With the pictures left out, transcribe exactly the lines from the one with "Solgar Vitamin B12" through the end of the data.

##### Material shown

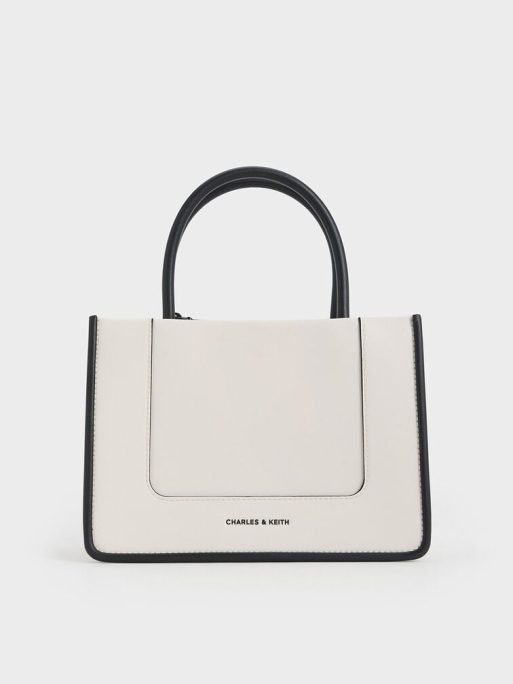C&K Mini Daylla Tote Bag - Cream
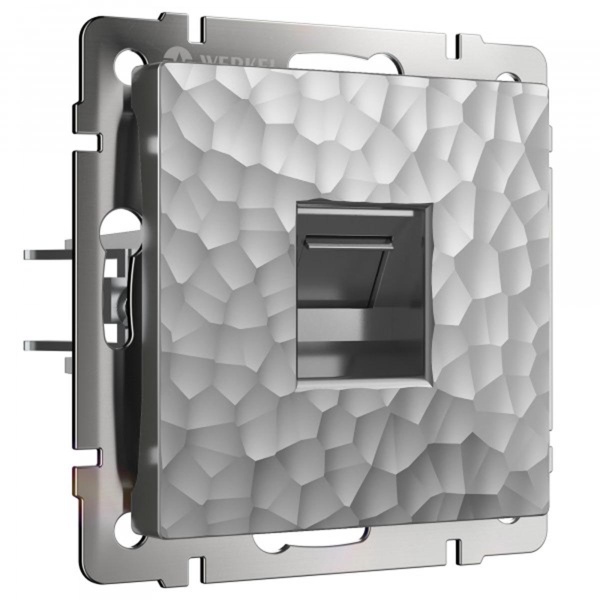 Розетка Werkel Hammer Ethernet RJ-45 серебряный W1281006 4690389163036 Розетка Werkel Hammer Ethernet RJ-45 серебряный W1281006 4690389163036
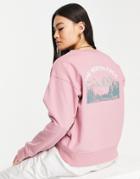 The North Face Outdoor's Together Back Print Sweatshirt In Pink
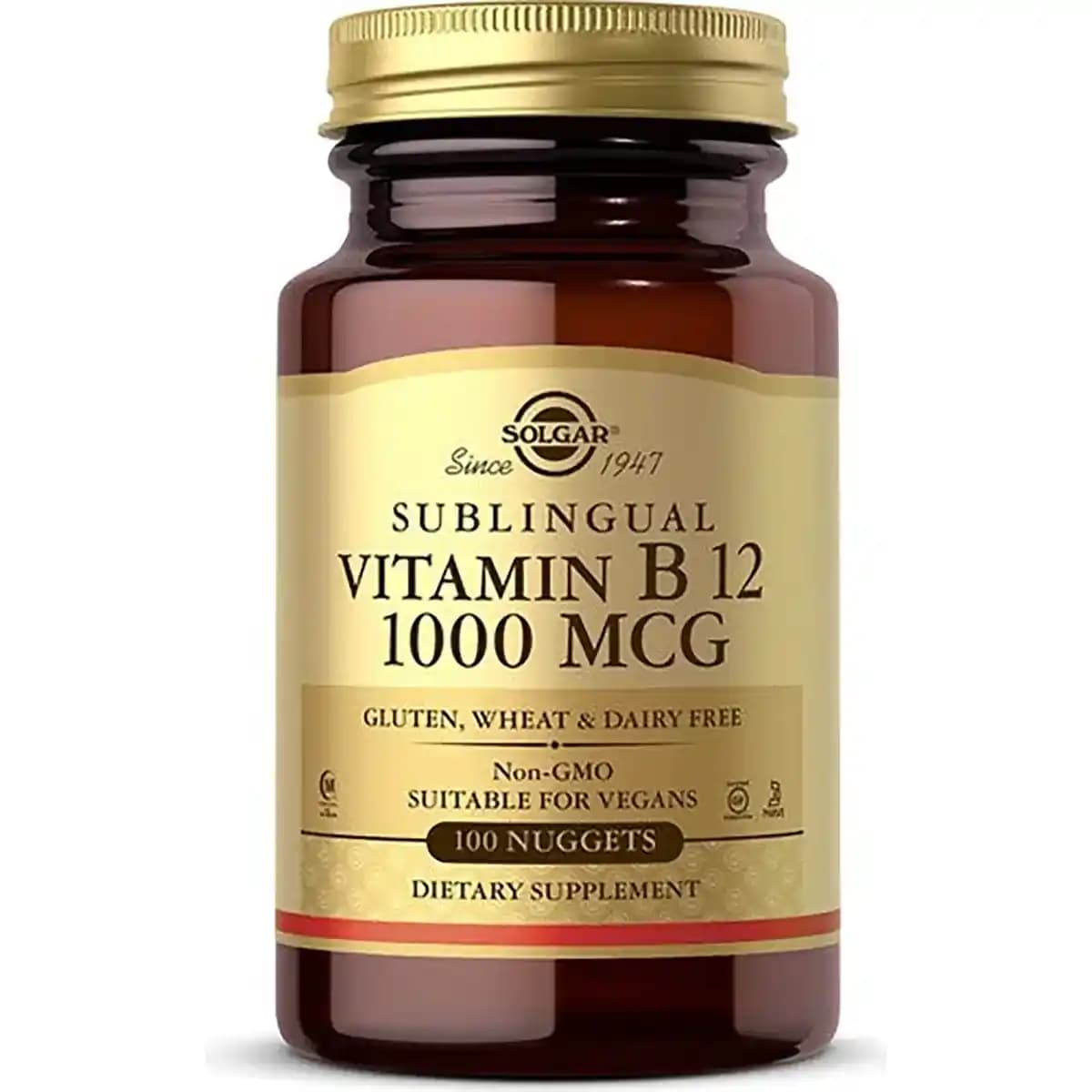 Solgar Vitamin B12 1000 mcg: Sinir Sistemi ve Enerji Metabolizması İçin Takviye
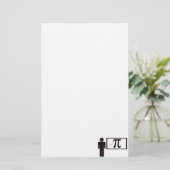 Mathematiklehrer Briefpapier (Stehend Vorderseite)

##########

◆ Task solution:
 Solgar Vitamin B12 1000 mcg: Sinir Sistemi ve Enerji Metabolizması İçin Takviye
 Mathematiklehrer Briefpapier (Stehend Vorderseite)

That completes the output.